53 {JDZ} Idem, different than zero.
54 {JGT} Idem, greater than zero.
55 {JEQ} Idem, equal to zero.
56 {JLT} Idem, less than zero.
57 {JGE} Idem, greater than or equal to zero.

If the Paper Computer play has been performed before as recommended, the instructor may tell the students that jump instructions in fact load the instruction pointer ("counter," for old-timers) with AA. It would also be nice to call the attention that, as HIPO has only one address referenced in each instruction, the value to be tested has to be loaded beforehand into the accumulator. Furthermore, I find it important to emphasize the difference between unconditional and conditional jumps.

3.5 Miscelaneous

70 {STP} Stop. When executing this instruction, HIPO stops and waits for any keyboard key to be pressed, returning to the command options menu (see section 5).

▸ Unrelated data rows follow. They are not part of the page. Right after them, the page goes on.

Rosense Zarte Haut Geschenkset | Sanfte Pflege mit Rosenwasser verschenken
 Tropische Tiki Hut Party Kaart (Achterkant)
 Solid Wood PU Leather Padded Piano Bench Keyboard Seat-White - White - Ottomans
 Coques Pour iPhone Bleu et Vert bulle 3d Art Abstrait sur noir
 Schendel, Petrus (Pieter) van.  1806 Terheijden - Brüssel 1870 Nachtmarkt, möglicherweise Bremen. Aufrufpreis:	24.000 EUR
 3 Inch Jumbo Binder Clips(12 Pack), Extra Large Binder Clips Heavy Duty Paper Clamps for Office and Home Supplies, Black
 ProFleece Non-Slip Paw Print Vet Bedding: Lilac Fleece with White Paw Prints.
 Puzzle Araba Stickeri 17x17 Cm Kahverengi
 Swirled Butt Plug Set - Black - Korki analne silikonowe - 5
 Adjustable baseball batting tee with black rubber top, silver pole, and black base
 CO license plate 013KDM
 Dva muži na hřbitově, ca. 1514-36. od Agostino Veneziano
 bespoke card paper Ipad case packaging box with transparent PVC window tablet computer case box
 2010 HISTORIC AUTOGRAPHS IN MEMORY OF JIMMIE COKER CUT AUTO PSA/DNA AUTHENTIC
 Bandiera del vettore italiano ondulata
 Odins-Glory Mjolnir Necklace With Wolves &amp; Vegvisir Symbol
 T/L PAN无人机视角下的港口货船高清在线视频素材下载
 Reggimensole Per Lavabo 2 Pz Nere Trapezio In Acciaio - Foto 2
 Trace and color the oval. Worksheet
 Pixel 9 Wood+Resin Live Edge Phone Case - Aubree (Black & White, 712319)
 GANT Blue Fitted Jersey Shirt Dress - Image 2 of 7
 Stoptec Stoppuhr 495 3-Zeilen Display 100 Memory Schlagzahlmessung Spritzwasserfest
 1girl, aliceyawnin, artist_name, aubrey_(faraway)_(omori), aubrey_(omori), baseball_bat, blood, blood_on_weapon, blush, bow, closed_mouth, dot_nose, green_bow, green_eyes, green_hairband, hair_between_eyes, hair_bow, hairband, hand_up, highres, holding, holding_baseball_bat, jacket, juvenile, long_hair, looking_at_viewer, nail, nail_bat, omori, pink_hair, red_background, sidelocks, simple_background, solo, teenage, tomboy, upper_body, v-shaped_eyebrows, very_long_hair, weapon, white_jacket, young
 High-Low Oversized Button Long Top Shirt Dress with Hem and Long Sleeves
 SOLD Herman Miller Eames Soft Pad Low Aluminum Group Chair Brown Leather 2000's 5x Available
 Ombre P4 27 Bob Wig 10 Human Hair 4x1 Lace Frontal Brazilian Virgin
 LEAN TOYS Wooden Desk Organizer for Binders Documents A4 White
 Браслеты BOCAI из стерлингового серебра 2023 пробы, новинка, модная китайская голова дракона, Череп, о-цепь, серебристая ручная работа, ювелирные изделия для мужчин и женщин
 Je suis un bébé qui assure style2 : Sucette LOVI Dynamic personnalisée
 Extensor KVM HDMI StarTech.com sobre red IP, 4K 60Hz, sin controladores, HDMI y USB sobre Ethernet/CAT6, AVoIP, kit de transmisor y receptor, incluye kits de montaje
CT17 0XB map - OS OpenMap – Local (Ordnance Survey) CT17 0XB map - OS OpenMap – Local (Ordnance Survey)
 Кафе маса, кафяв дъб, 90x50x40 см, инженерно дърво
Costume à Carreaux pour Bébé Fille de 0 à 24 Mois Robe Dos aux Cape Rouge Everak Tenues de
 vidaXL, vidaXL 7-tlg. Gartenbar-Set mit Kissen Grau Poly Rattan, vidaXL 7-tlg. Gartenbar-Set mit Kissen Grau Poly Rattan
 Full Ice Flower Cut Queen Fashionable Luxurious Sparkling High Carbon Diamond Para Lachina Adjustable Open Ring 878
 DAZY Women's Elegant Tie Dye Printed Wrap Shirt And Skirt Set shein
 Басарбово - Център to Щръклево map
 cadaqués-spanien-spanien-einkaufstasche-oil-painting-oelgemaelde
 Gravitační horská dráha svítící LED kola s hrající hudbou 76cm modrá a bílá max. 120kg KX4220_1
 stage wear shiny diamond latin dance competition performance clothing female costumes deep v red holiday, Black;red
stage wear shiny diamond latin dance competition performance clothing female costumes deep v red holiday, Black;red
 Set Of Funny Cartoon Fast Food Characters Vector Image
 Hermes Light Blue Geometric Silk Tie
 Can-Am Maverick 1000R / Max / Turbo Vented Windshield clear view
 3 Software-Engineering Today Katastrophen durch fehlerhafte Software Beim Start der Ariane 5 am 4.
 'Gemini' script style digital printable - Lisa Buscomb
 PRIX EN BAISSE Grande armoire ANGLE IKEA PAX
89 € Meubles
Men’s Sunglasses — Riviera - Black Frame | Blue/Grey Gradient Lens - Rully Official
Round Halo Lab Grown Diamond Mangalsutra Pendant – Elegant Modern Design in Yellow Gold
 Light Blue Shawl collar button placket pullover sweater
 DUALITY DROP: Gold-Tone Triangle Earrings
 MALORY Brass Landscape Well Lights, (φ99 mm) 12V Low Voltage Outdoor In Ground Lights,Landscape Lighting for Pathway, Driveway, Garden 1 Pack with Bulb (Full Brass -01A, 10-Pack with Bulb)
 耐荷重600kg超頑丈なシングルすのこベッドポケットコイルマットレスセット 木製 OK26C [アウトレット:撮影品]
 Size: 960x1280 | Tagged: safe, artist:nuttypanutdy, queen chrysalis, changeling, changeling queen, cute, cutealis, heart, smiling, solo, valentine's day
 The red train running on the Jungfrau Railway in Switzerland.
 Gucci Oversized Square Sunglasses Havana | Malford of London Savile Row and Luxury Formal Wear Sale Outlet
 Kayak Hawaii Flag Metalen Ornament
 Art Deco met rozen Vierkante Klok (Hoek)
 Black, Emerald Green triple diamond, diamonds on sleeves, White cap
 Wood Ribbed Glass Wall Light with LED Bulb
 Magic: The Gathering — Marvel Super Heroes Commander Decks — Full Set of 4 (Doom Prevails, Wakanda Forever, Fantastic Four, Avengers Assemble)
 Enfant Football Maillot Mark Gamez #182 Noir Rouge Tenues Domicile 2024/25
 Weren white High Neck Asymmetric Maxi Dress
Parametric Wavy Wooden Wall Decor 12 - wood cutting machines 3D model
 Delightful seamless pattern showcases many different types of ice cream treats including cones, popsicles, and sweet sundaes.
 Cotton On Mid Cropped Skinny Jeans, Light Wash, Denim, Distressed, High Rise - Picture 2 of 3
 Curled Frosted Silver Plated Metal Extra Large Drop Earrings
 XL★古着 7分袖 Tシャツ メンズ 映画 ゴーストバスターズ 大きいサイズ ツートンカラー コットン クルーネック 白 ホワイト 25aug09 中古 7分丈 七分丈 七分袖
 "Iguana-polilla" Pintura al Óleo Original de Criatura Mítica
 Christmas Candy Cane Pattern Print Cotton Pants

4. A HIPO simulator/interpreter

See a HIPO simulator (temporary version), programmed by Vitor Seiji Hariki in javascript; can be run in any browser. See the instructions on how to use it (idem).

5. A test program

The followin HIPO program, to be loaded starting at storage position 01, reads a sequence of positive numbers and calculates its sum. The sequence is ended by a negative number, not included in the sum:

01 +1130 [Initializes...]
02 +1240 [...sum with 0]
03 +3145 [Inputs a number]
04 +4145 [Outputs it]
05 +1145 [Loads the input into the accumulator]
06 +5611 [Tests it; if negative, jumps to position 11]
07 +1140 [Adds the...]
08 +2145 [...input...]
09 +1240 [...to the sum]
10 +5103 [Returns to the input instruction]
11 +4140 [Outputs the sum]
12 +7000 [Stops]
30 +0000 [Used for the initialization of the sum]

6. Exercise

Modify the program of last section to calculate the product of a list of positive and negative numbers. The list is ended with a 0.